La lucha por la vida I: 074
Pág. 074 de 97
|
La lucha por la vida I Tercera parte | Pío Baroja |
---|
-Bueno.
-Toma esto para la cabeza -y le arrojó una falda de mujer arrebuñada.
Manuel apoyó allí la cabeza y quedó dormido. Se despertó a la madrugada. Se incorporó y se sentó en el suelo sin darse cuenta de dónde podía encontrarse. Entraba pálida claridad de un ventanuco. Vidal, tendido en el colchón, roncaba; a su lado dormía una muchacha, respirando con la boca abierta; grandes chafarrinones de pintura le surcaban las mejillas.
Manuel sentía el malestar de haber bebido demasiado el día anterior y profundo abatimiento. Pensó seriamente en su vida:
-Yo no sirvo para esto -se dijo-; ni soy un salvaje como el Bizco, ni un desahogado como Vidal. ¿Y qué hacer?
Ideó mil cosas, la mayoría irrealizables, imaginó proyectos complicados. En el interior luchaban oscuramente la tendencia de su madre, de respeto a todo lo establecido, con su instinto antisocial de vagabundo, aumentado por su clase de vida.
-Vidal y el Bizco -se dijo- son más afortunados que yo; no tienen vacilaciones ni reparos; se han lanzado...
Pensó que al final podían encontrar el palo o el presidio; pero mientras tanto no sufrían; el uno por bestialidad, el otro por pereza, se abandonaban con tranquilidad a la corriente...
A pesar de sus escrúpulos y remordimientos, el verano lo pasó Manuel protegido por el Bizco y Vidal, viviendo en Casa Blanca con su primo y la querida de éste, muchachuela vendedora de periódicos y buscona al mismo tiempo.
La Sociedad de los Tres funcionó por las afueras y las Ventas, la Prosperidad y el barrio de doña Carlota, el Puente de Vallecas y los Cuatro Caminos; y si la existencia de esa Sociedad no llegó a sospecharse ni a pasar a los anales del crimen, fue porque sus fechorías se redujeron a modestos robos de los llamados por los profesionales al descuido.
No se contentaban los tres socios con espigar en las afueras de Madrid: extendían su radio de acción a los pueblos próximos y a todos los sitios en general en donde se reuniera alguna gente.
Los mercados y las plazuelas eran lugares de prueba, porque el descuido podía ser de mayor cantidad; pero, en cambio, la policía andaba ojo avizor.
En general, los puntos más explotados por ellos eran los lavaderos.

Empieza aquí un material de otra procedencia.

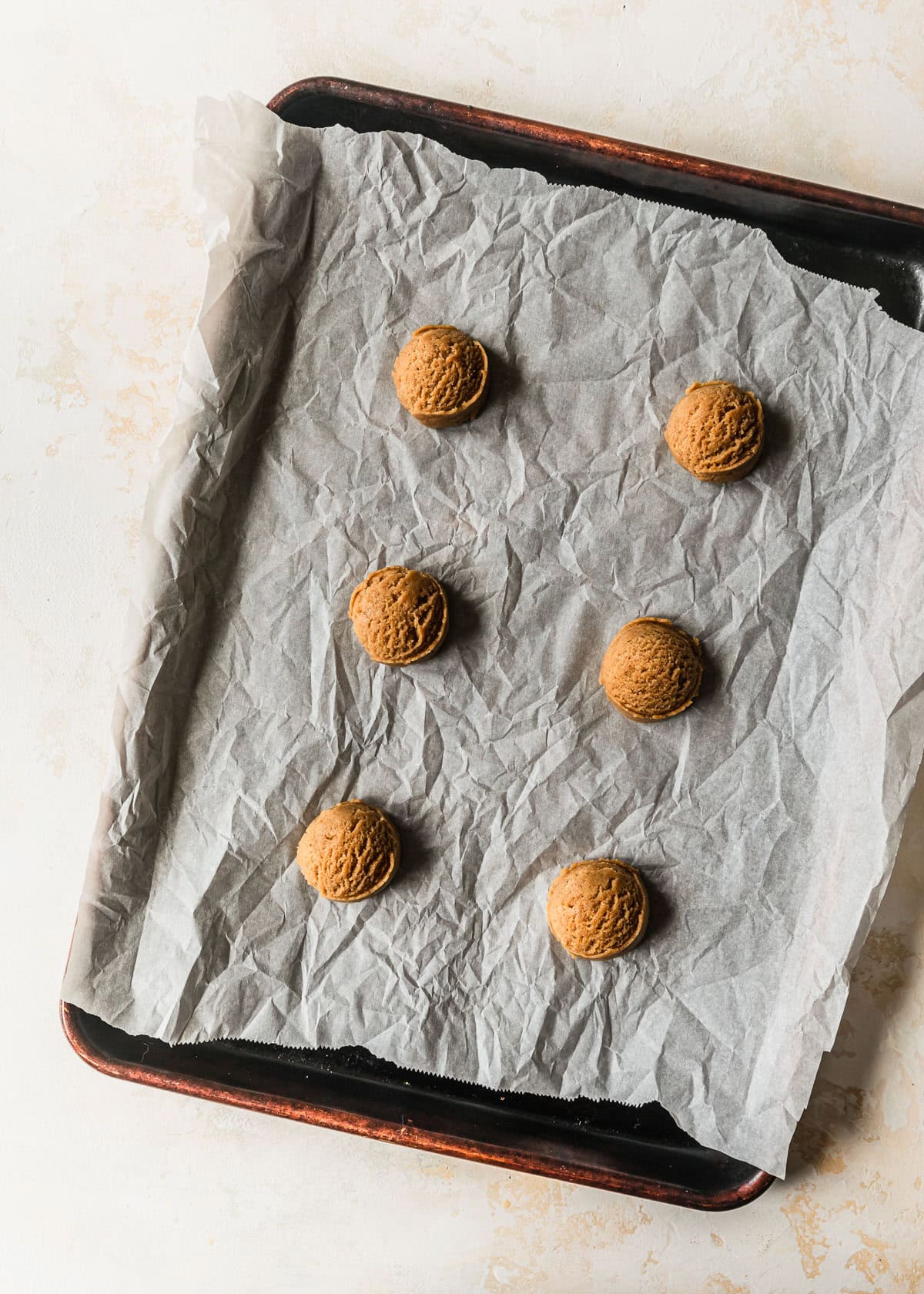 A sheet pan of raw small batch chocolate chipless cookies.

Vidal, con su genuina listeza, convenció al Bizco de que él era quien poseía más condiciones para el afano; el otro, por vanidad, se lanzaba siempre a lo más peligroso, el coger la prenda, mientras Vidal y Manuel estaban a la husma.
Solía decir Vidal a. Manuel, en el momento mismo del robo, cuando el Bizco se guardaba debajo de la chaqueta la sábana o la camisa:
-Si viene alguno no hagas seña ni nada. Que lo cojan; nosotros callados, hechos unos púas, sin movernos; nos preguntan algo, nosotros no sabemos nada, ¿eh?
-Convenido.
Sábanas, camisas, mantas y otra porción de ropas robadas por ellos las pulían en la ropavejería de la ribera de Curtidores, adonde solía ir de visita don Telmo. El amo, encargado o lo que fuese, de la tienda, compraba todo lo que le llevaban los randas a bajo precio.

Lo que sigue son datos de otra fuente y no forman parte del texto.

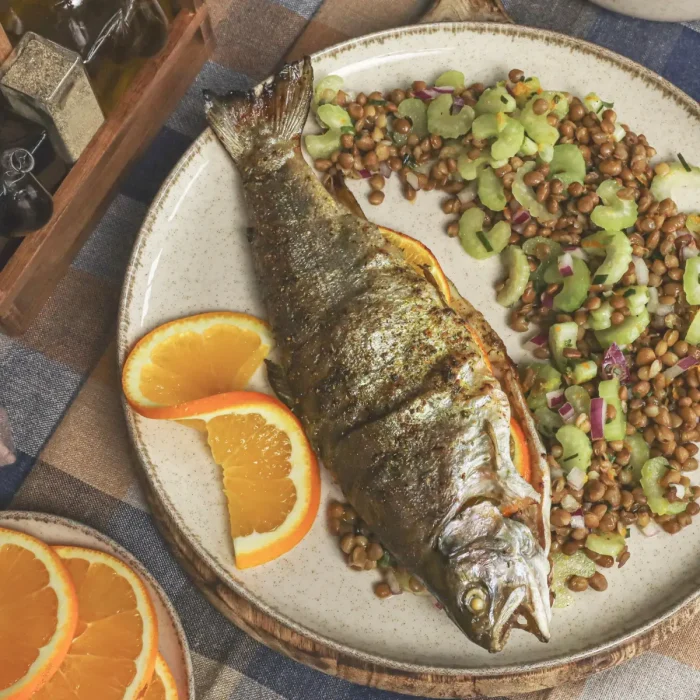 Sült egész pisztráng zelleres lencsesalátával, narancskarikával tálalva tányéron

Vigilaba esta ropavejería de peristas, de las asechanzas de algún polizonte torpe (los listos no se ocupaban de estas cosas), un hombre a quien llamaban el Tío Pérnique. Este hombre se pasaba la vida paseándose por delante del establecimiento. Para disimular la guardia vendía cordones para las botas y géneros de saldo que le entregaban en la ropavejería.
En la primavera este hombre se ponía un gorro blanco de cocinero y pregonaba unos pastelillos con una palabra que apenas pronunciaba y que se entretenía en cambiar constantemente. Unas veces la palabra parecía ser ¡Pérquique! ¡Pérquique!; pero inmediatamente cambiaba el sonido, se transformaba en ¡Pérqueque! o en ¡Párquique! y estas evoluciones fonéticas se alargaban hasta el infinito.